The material below contains a line with "Kim Kardashian dressed" and a line with "2016 Newest 5". Copy exactly those two lines and all lines between them.

Material for this exercise:
• • •

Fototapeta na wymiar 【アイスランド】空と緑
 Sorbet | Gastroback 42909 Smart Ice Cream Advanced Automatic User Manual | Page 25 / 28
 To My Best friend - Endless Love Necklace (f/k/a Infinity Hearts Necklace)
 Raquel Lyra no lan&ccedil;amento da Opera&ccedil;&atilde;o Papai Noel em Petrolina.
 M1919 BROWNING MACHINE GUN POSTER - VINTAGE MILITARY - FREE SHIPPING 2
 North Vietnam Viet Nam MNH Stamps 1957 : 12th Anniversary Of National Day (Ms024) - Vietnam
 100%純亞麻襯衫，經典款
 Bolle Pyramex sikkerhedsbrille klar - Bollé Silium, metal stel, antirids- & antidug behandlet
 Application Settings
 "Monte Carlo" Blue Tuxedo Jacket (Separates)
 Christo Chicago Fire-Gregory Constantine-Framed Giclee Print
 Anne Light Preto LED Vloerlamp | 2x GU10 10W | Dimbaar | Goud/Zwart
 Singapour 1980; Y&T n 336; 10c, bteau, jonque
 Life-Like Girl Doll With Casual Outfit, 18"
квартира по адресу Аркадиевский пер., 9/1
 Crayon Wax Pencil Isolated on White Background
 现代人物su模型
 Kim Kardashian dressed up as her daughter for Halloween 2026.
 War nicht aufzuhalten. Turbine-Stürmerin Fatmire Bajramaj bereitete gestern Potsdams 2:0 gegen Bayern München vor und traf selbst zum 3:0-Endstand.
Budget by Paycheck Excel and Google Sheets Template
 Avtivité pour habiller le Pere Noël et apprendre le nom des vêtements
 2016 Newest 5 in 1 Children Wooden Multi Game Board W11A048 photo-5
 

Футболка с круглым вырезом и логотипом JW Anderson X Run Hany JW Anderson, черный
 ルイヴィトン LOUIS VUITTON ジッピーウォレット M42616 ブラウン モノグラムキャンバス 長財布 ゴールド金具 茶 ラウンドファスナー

• • •

Answer area:
 Kim Kardashian dressed up as her daughter for Halloween 2026.
 War nicht aufzuhalten. Turbine-Stürmerin Fatmire Bajramaj bereitete gestern Potsdams 2:0 gegen Bayern München vor und traf selbst zum 3:0-Endstand.
Budget by Paycheck Excel and Google Sheets Template
 Avtivité pour habiller le Pere Noël et apprendre le nom des vêtements
 2016 Newest 5 in 1 Children Wooden Multi Game Board W11A048 photo-5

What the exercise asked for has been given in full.